Au programme de Lettres des classes prépas scientifiques cette année (2007-2008) : penser l’Histoire. Avec, comme textes d’appui, l’Horace de Corneille, les livres IX à XII des Mémoires d’outre-tombe — consacrés aux aventures du vicomte pendant la Révolution —, et le 18 Brumaire de Louis-Bonaparte, où Marx analyse avec férocité le coup d’Etat par lequel le premier président élu de la Seconde République renversa icelle, et se proclama Napoléon III.

J’avais cette année des élèves de Première année, qui auront donc ledit programme aux concours l’année prochaine. Et juste avant les grandes vacances, j’ai commencé à débroussailler la question — et à leur donner une bibliographie aussi démesurée que possible, parce que s’il ne faut pas désespérer Billancourt, comme disait Sartre, il n’est pas interdit de déprimer un peu des prépas — ils n’en rebondiront que plus haut.
Et de leur conseiller de lire Tite-Live, la Révolution française de Michelet (pour commencer…), et l’ensemble des écrits de Marx consacrés au 2 décembre 1851 — ça tombe bien, tout est rassemblé dans un gros volume chez Folio sous le titre les Luttes de classe en France.

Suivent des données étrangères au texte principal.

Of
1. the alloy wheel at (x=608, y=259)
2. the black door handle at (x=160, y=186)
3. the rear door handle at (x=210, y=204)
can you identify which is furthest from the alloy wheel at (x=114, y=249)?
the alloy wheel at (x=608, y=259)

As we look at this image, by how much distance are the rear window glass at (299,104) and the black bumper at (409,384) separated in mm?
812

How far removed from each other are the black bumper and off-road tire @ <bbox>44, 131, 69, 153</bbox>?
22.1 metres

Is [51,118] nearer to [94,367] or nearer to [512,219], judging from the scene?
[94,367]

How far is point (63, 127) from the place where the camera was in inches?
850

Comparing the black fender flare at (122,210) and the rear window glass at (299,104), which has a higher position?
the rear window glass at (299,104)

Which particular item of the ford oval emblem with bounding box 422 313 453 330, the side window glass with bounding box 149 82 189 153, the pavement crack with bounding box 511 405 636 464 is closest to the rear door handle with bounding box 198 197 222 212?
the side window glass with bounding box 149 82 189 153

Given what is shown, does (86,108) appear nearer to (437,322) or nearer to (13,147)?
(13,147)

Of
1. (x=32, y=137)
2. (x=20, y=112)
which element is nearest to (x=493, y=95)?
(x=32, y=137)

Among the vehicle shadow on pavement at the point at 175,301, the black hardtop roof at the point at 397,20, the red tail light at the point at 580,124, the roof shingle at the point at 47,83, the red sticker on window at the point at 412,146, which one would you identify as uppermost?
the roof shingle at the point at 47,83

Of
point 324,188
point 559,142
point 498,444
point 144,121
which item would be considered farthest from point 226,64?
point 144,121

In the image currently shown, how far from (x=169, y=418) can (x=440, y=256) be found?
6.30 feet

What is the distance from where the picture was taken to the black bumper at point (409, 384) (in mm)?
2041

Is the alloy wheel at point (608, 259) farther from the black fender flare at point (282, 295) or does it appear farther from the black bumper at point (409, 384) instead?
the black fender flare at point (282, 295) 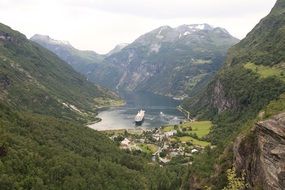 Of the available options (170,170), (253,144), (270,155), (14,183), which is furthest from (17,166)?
(270,155)

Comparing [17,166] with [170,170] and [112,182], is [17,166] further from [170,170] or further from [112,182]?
[170,170]

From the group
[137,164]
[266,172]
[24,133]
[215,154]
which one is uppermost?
[266,172]

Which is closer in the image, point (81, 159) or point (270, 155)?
point (270, 155)

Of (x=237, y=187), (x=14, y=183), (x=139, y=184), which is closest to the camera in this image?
(x=237, y=187)

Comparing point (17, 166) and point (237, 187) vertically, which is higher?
point (237, 187)

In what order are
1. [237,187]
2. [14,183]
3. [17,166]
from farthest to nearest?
[17,166], [14,183], [237,187]

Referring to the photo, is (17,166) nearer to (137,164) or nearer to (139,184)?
(139,184) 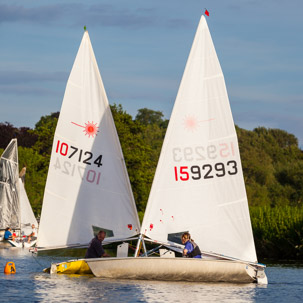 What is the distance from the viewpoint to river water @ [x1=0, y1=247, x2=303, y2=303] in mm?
21594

Je leur ai aussi transmis quelques cadres de réflexion, afin qu’ils aillent tout de suite, dès la première lecture, au plus efficace — et surtout qu’ils mesurent l’abîme de leur ignorance, un jeu que l’on pratique ad nauseam dans ces classes.
(« Comment ? Ils n’ont pas encore construit eux-mêmes leur propre savoir ? » « Eh non ! mon bon monsieur Lionel… »).
Nous commençâmes donc par Horace.
Présupposés de lecture : l’élève doit connaître Tite-Live et les légendes romaines (éventuellement, Denys d’Halicarnasse en sus, mais ne soyons pas trop chien…), le livre que Dumézil a consacré au mythe spécifique d’Horace et des Curiace (introuvable, sauf en bibliothèque — et encore, pas toutes, je me demande comment feront les « prépas rurales », selon le mot d’un ancien directeur de l’ENS, c’est-à-dire celles qui végètent hors Paris). Et il doit avoir lu parallèlement deux ou trois brimborions sur Corneille, l’édition-Pléiade du théâtre, due à Georges Couton, ou le livre de Doubrovsky (Corneille et la dialectique du héros, opportunément réédité en collection Tel-Gallimard).
Entre autres…

Et à propos de héros, justement…
La thèse de Couton est que Horace peut être lu comme une attestation d’allégeance de Corneille à Richelieu (à qui est dédiée la pièce) et à cette nouvelle conception de l’Etat qui émerge dans cette première moitié du XVIIème siècle (1), qui est à la morale ce que le poisson est à la bicyclette. Ce qui suppose que les élèves connaissent :
– l’histoire romaine
– l’histoire du XVIIe siècle (c’est tout l’intérêt d’un tel programme : toute lecture de l’Histoire est en soi aussi de l’histoire — construction d’une fiction seconde à partir d’une fiction première).
– Et, éventuellement, l’histoire du néo-classicisme, afin de percevoir au mieux le discours d’escorte d’une toile comme le Serment des Horace — qu’ils ne manqueront pas d’aller contempler au Louvre pendant les vacances.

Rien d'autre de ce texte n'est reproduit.